The size of the British army will be reduced to 72,500 personnel, and the RAF will have its air cargo and personnel carriers drastically cut as part of the biggest overhaul of the armed forces in decades.
Under plans revealed by the Defence Secretary Ben Wallace, the army will shrink to its smallest size since the 1700s but will be reorganised to face modern threats and equipped with new technology.
A newly-created special operations force, called the Rangers, will be deployed regularly to embed alongside foreign militaries to prevent conflicts and a new Security Force Assistance Brigade will be established to train international partners.
A total of £23bn will be invested in army technology including upgrades to the Challenger tank and Boxer armoured fighting vehicles.
Money will also be spent on small surveillance drones, cyberspace technology and electronic warfare.
Writing in the report’s foreword, Mr Wallace said: "We have put at the heart of this Defence Command Paper a mission to seek out and to understand future threats, and to invest in the capabilities to defeat them.
"Those of us in government charged to protect and defend have a duty to enter new domains, as well as continuing investment in the traditional ones, but always adapting to the threat.
"History shows us, time and time again, that failing to do so risks irrelevance and defeat.
"As the threat changes we must change with it, remaining clear-eyed about what capabilities we retire, why we are doing so, and how they will be replaced."
Addressing MPs in the Commons, Mr Wallace said the army’s "increased deployability and technological advantage" means that "greater effect can be delivered by fewer people".
"I’ve therefore taken the decision to reduce the size of the Army from today’s current strength of 76,500 trade trained personnel to 72,500 by 2025," he said.
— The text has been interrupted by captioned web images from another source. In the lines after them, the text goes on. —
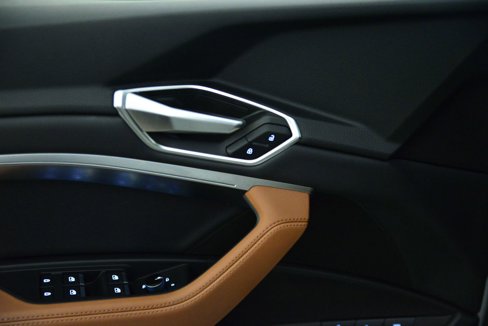 Certified 2022 Audi e-tron Premium w/ Convenience Plus Package image 24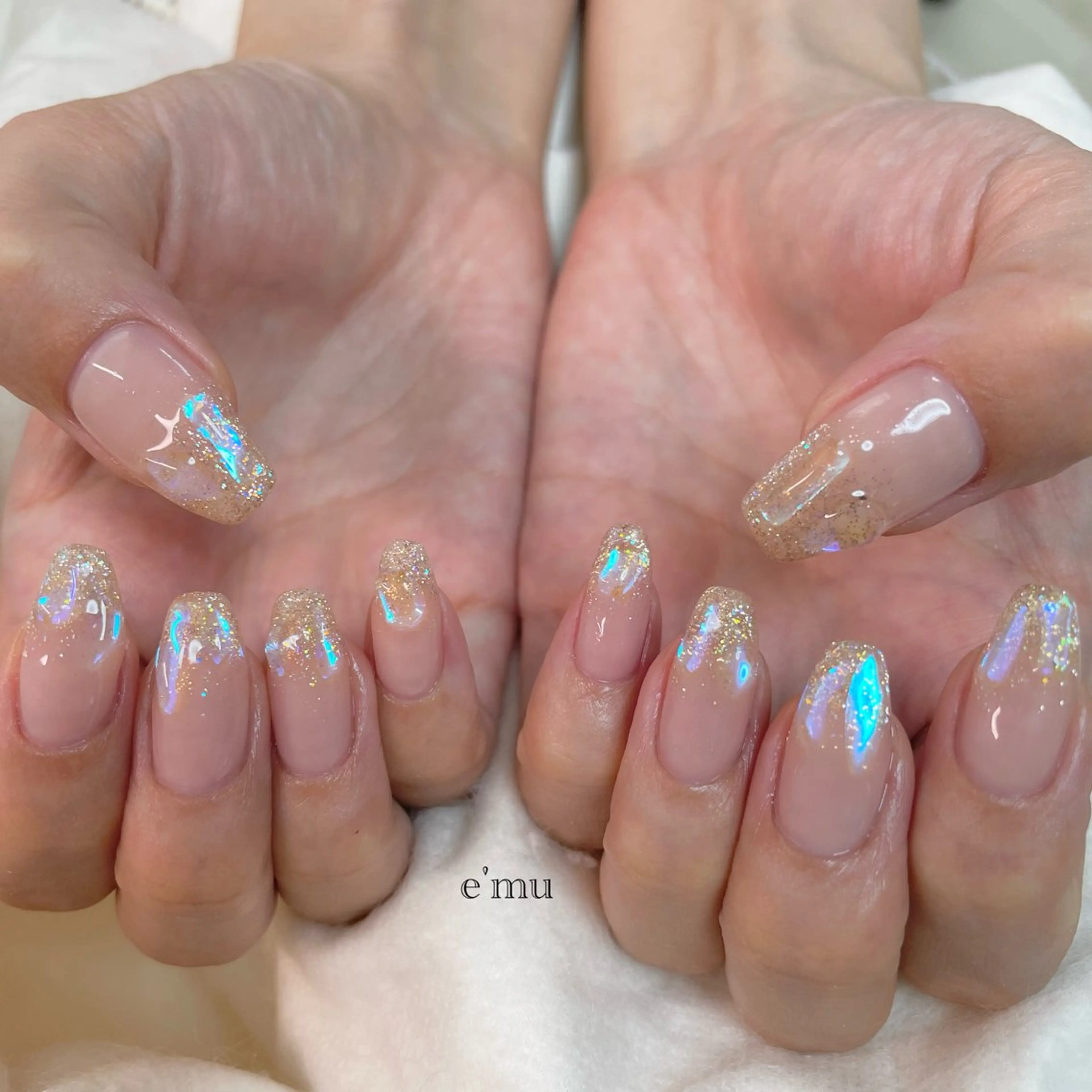 ネイル 氷ネイル・うるうるネイル ハンドネイル nail salon e'mu💐のネイルデザイン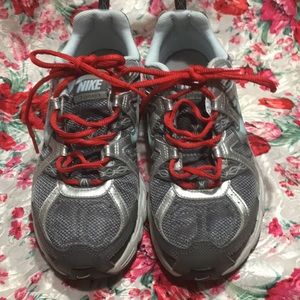 Nike Alvie’s 7 running shoes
"The army has not been at its established strength of 82,000 since the middle of last decade.
"These changes will not require redundancies and we wish to build on the work already done on utilising our reserves to make sure the whole force is better integrated and more productive."
He told MPs they should not play "Top Trumps" with force numbers, adding: "There’s no point boasting about numbers of regiments when you send them to war in snatched Land Rovers or simply counting the number of tanks when our adversaries are developing new ways to defeat them."
The entire RAF C-130 Hercules fleet will be retired in 2023 and nine Chinook and 20 Puma helicopters will be taken out of service without replacement.
In addition, the Second Battalion to the Mercian Regiment will be amalgamated with the First Battalion.
The defence secretary said that "no major unit deletions further will be required".
Robert Clark, defence research fellow at the Henry Jackson Society said: "The reduction of British army personnel to 72,500 by 2025, coupled with the cuts to the unglamorous but essential workhorses of the army in medium-lift air and logistical capabilities, lead to serious questions of how the army will be able to sustain the commitments envisioned in the Integrated Review."
He added: "The Puma and Chinook decisions, in particular, risk undermining the Integrated Review’s vision for a more forward deployed British military presence."
The Defence Command Paper has confirmed the UK will buy more than the 48 F-35 stealth fighter jets it already has, but hasn’t put a figure on how many.
Two billion pounds will be invested in developing a successor aircraft, which will include manned and unmanned aircraft and swarm drones.
Two of the Royal Navy’s oldest Frigates will be retired over the next 24 months, reducing the number of Frigates and Destroyers to 17 for a short period.
Former Chief of the General Staff Lord Dannatt, cautiously welcomed the review. He said: "There is good news as well as some concerning things.
"The money is moving in the right way but we also need to recognise the threats are changing and the armed forces have to change to meet those changes."